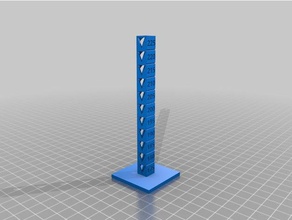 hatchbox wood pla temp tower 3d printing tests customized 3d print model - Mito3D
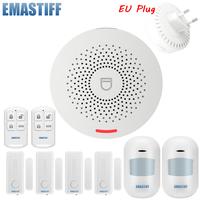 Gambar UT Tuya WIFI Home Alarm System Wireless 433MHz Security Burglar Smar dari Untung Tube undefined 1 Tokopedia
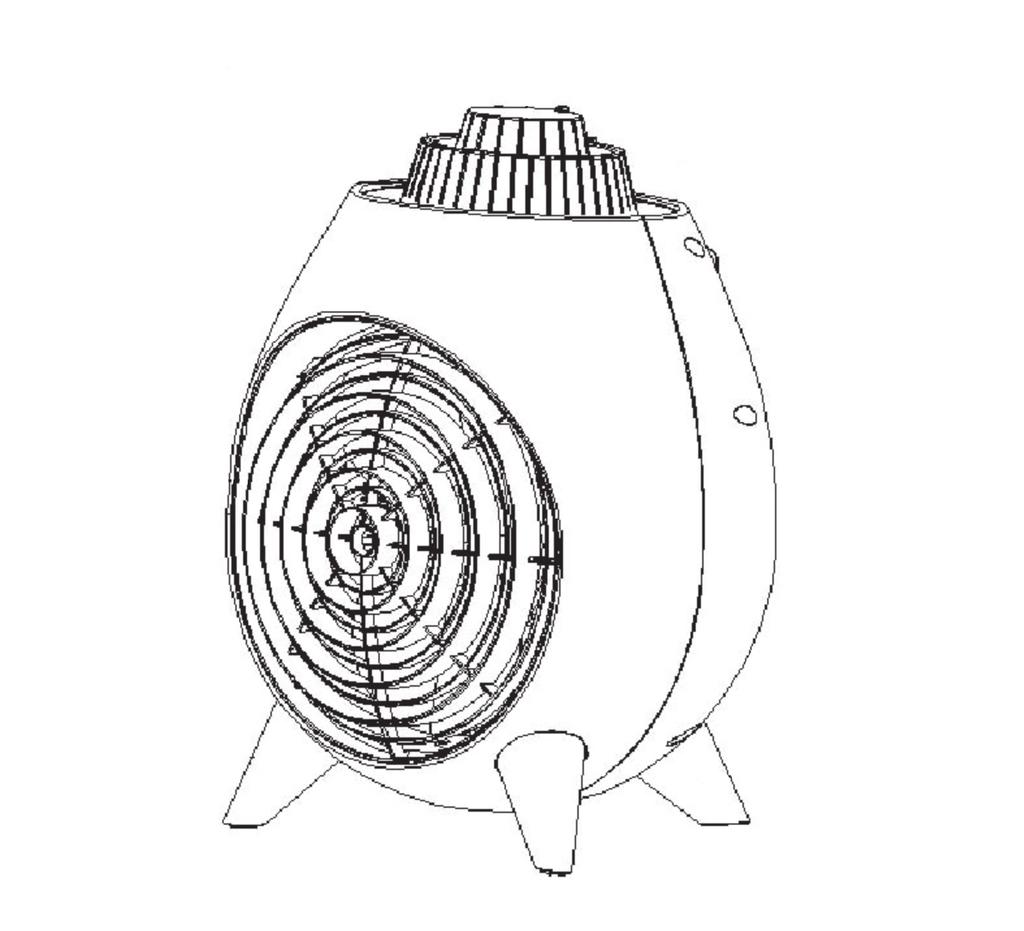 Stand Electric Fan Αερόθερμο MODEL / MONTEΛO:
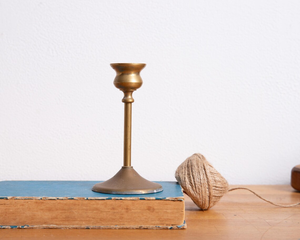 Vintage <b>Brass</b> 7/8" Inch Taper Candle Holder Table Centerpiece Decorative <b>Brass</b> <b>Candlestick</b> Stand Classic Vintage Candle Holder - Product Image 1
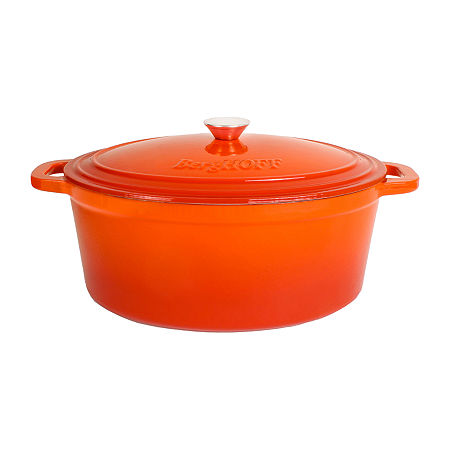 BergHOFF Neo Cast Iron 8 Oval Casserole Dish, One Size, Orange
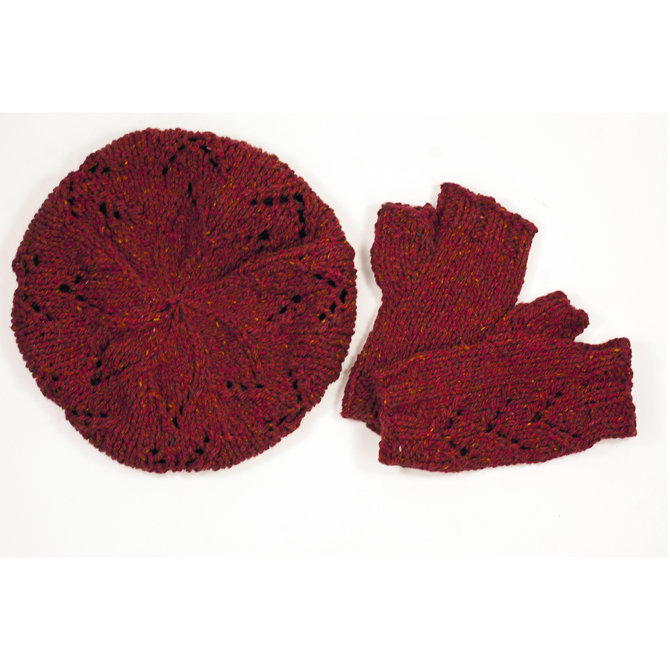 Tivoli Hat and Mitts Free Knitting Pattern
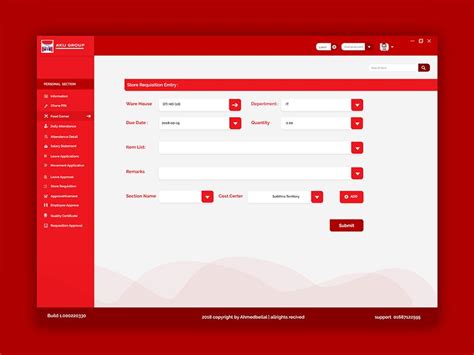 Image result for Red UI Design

→ **What is needed**: Quote each line of the listing exactly, but leave the pictures out.

→ **Solution below**:
 hatchbox wood pla temp tower 3d printing tests customized 3d print model - Mito3D
 Gambar UT Tuya WIFI Home Alarm System Wireless 433MHz Security Burglar Smar dari Untung Tube undefined 1 Tokopedia
 Stand Electric Fan Αερόθερμο MODEL / MONTEΛO:
 Vintage <b>Brass</b> 7/8" Inch Taper Candle Holder Table Centerpiece Decorative <b>Brass</b> <b>Candlestick</b> Stand Classic Vintage Candle Holder - Product Image 1
 BergHOFF Neo Cast Iron 8 Oval Casserole Dish, One Size, Orange
 Tivoli Hat and Mitts Free Knitting Pattern
 Image result for Red UI Design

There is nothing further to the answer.